BAPL has worked out a scheme by which they would give one cottah of developed land from inside the project area per bigha of land given up by an owner. For people with less than a bigha of land there is an annuity scheme starting Rs 25,000 to be given to the landowner over a period of five years and Rs 2,000 to be added per decimal of land. The maximum that one can get under this scheme is Rs98,000 after which he will get a cottah of land per bigha. Till date, around 666 awardees have accepted cheques for their land that amounts to nearly 320 acres. BAPL expects to start work on the project by the first quarter of the calendar year 2010. It requires around 650 acres initially to start work on the airport.

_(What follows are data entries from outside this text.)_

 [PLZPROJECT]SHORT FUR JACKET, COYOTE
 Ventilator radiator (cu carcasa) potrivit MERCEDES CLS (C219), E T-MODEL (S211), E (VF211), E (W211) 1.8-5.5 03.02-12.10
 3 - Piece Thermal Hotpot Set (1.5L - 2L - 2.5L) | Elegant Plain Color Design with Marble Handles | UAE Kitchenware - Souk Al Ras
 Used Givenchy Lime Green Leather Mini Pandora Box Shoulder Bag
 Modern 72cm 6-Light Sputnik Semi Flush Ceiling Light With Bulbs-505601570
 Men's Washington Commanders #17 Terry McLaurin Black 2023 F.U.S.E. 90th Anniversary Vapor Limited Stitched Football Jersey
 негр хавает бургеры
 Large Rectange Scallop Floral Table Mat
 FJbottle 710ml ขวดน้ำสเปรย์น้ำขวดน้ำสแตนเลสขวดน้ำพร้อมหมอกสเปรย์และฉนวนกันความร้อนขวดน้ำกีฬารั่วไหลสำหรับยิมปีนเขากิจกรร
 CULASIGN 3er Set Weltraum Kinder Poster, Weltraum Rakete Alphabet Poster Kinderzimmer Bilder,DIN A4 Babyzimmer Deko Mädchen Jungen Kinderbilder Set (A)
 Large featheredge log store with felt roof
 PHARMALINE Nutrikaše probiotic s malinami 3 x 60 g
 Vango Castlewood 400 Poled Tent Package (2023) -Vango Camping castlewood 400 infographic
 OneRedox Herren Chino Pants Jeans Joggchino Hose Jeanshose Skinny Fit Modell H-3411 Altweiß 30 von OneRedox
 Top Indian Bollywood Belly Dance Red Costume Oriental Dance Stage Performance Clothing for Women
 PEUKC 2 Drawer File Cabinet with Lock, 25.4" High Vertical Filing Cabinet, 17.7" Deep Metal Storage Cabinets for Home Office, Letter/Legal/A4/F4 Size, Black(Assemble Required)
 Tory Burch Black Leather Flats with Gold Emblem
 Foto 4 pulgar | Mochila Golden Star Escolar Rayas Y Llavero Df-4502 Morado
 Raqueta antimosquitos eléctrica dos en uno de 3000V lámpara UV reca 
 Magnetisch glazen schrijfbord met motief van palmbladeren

Meanwhile, the company has signed a memorandum of understanding with the technical education and training department of the state government to provide vocational training to one person per family of land loser. It will spend nearly Rs one crore to upgrade the infrastructure of the Durgapur Industrial Training Institute(ITI). "To start with there will be around 18-20 programmes on offer and we plan to gradually scale it up to 30-40 programmes", said Subrata Paul, CEO and director, BAPL. He pointed out that the company was willing to help bear the additional financial burden incurred by the ITI in terms of teachers' recruitment etc to train around 5,000 people. While there are 6,800 land losers, many have multiple holdings, so the number of youth per family turns out to be around 5,000.
Nearly, 69 per cent of the population in the region were drop-outs after class eight, while only 16 per cent achieved class ten standards and only seven per cent passed class twelve exams, Paul informed. BAPL would bear the cost of training these 5,000 people over the next two years.